Anhorn “has deep roots in Medford and kids in the (school) building,” said Mark Ristau, Medford’s superintendent. He’s “a perfect candidate for the position.”
For the Nov. 5 election, “others can run, if they’d like,” including, of course, Anhorn, Ristau said. Anhorn’s first board meeting will be July 22.
The district is now in the market for a new business manager, as Andrew Adams announces his resignation, effective June 30. Adams was hired in May of 2018 to replace Lylia Iverson, who has been with the district for decades before retiring last summer.
As a CPA with experience auditing schools, Adams is “very qualified,” so it’s no surprise he was “a very attractive candidate” to other districts, Ristau said. Of course, the role of business manager “is very important to a school district,” so “we are looking for applicants.”
The district also elected to delay until next summer the majority of planned improvements to the school parking lot.
“We hoped to reconfigure the entire lot, but after meeting with architects, contractors, and engineers,” it became clear “the main part of the lot” would have to wait until next year, especially since the district’s next fiscal year doesn’t begin until July 1, Ristau said. “We’ll budget and plan for it” to start in early-June of 2020, and “we’ll do it right.”
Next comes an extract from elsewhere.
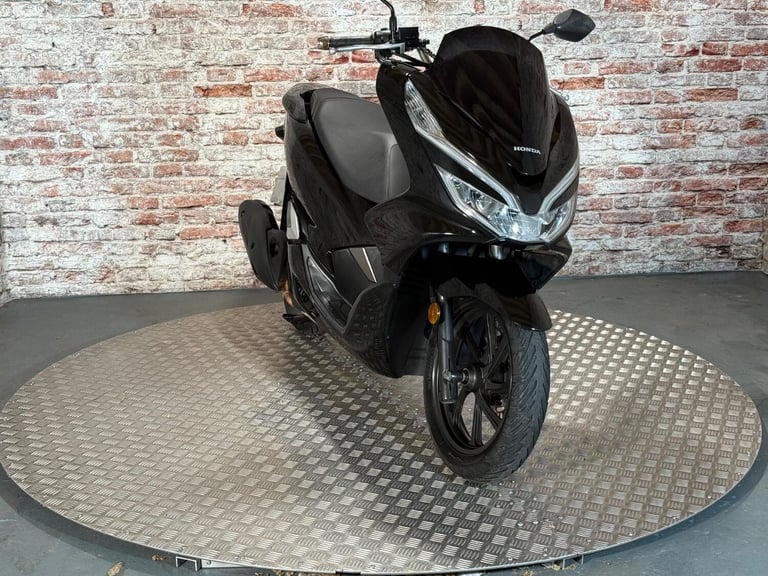 HONDA PCX125 - 2018 Petrol Automatic in Black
This summer, “we’ll patch and seal everything and add some parking spots” — roughly 17 — on the southeast side of the building, he said. Currently, Medford’s parking lot offers 251 spots, and “when we have special events, we’re way overcrowded,” so additional spots will be part of next summer’s project.
This summer’s work is estimated to cost $75,000-$80,000 and will start in July, he said. “A lot of that ($75,000-$80,000) will be covered under” Long-Term Facilities Maintenance (LTFM).
Medford also discussed the district’s preliminary budget for 2019-2020 Wednesday, which calls for total revenue of $11,153,193 and expenditures of $11,743,021. The district’s general fund is projected to have revenue of $9,337,593 and expenditures of $9,849,162.
“We have some big-ticket purchases with technology,” including iPads for elementary students, as well as “new maintenance equipment,” like lawnmowers and tractors, Ristau said. The latter expenses “only come around every 20 years or so.”
It’s not unusual for Medford to project some deficit spending in the budget, because “we’re conservative in our estimates,” especially with enrollment, which is how districts derive the vast preponderance of their funding, he said. “We’re alright” — “no worries.”
All hires at the secondary school are in place for 2019-2020, according to Kevin Babcock, that building’s principal. In addition, 2019-2020’s eighth-twelfth graders have received their schedules, while the seventh-grade class will receive their schedules prior to the start of the school year.
In addition, Sara Routh, high school counselor, Anna Johanson, high school social worker, and Babcock met with the sixth graders to cover expectations, and what it truly means to be a seventh grader, prior to the end of this school year, according to Babcock. This will allow him to concentrate more on parents during seventh-grade orientation later this summer.